Despite these denials, stock prices for TSMC, ASE Group, and King Yuan Electronics all saw declines on January 13. Analysts speculated that the weak performance of AI-related stocks could be linked to expectations of an upcoming U.S. export ban on AI chips, prompting large investors to adopt a wait-and-see approach.
Recent reports indicate that NVIDIA's decision to cut back on its CoWoS-S orders stems from the phased discontinuation of the Hopper platform chips, limited demand for the new GB200A chips, and slow adoption of the GB300A chips. The expected reduction of 50,000 CoWoS-S units annually is anticipated to cut TSMC's revenue by 1% to 2%.
TSMC's CoWoS platform includes the most mature CoWoS-S, based on silicon interposers, as well as CoWoS-L and CoWoS-R, which use organic interposers. The Hopper GPU platform is built using CoWoS-S packaging, while the newer Blackwell GPU uses CoWoS-L. As production of the Hopper GPU decreases, NVIDIA's demand for CoWoS-L packaging will also diminish.
Morgan Stanley reports that, with CoWoS-S capacity reductions, NVIDIA has requested TSMC to reallocate this capacity to CoWoS-L to manufacture the GB300A. The report also highlights that other TSMC clients, including AMD and Broadcom, are scaling back their CoWoS-S orders due to weaker demand.
However, Morgan Stanley also noted that overall demand for TSMC's CoWoS technology remains stable.
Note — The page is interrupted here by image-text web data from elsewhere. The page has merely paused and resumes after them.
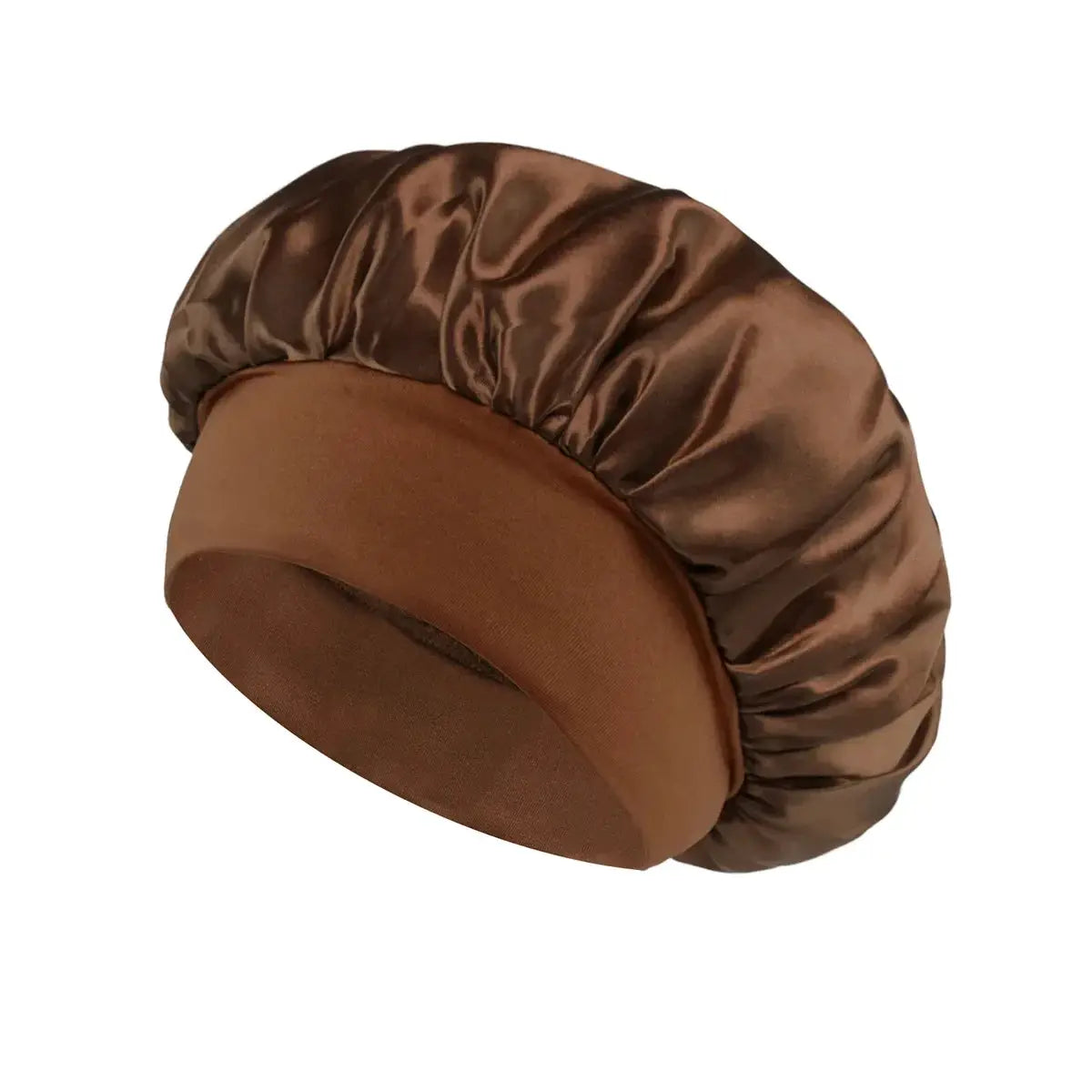 SilkGuard Satin Bonnet For Women With Wide Brim Sleep Hat And Elastic Band For Hair Protection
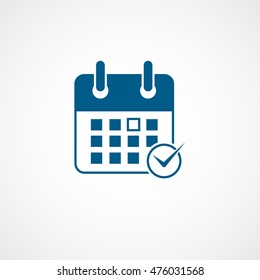 Calendar Done Add Blue Flat Icon On White Background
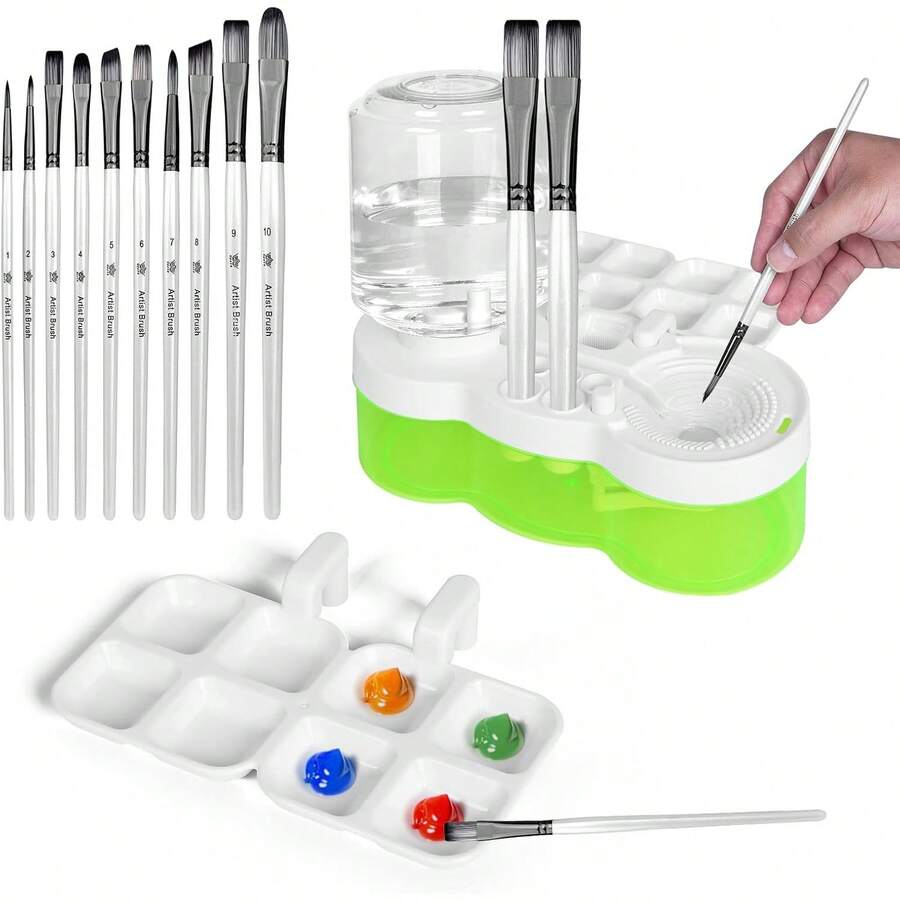 EstiloTendenciaJuego De 10 Pinceles Profesionales Y Enjuagador De Pinceles Limpiador Con DepóSito De Agua, Acuarela Y Pinturas A Base De Agua, Lavador De Pinceles Para Artistas Estudiantes TalleresCalidad PremiumVersióN Mejorada - 1 - Ver 1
The production of the GB300A may see slight increases later this year.
Despite the significant reduction in CoWoS-S orders, AI remains a key growth driver for TSMC's revenue, contributing more than 20% to its earnings. Therefore, TSMC's "Buy" rating remains unchanged, with a target price of NT$1,400.
Regarding TSMC's Q1 revenue outlook, analysts predict a 6% sequential decline, but a 24% year-on-year growth. The expected decline is mainly due to seasonal factors, although the impact is mitigated by increased AI GPU and ASIC production and the upcoming release of Apple's affordable iPhone SE 4.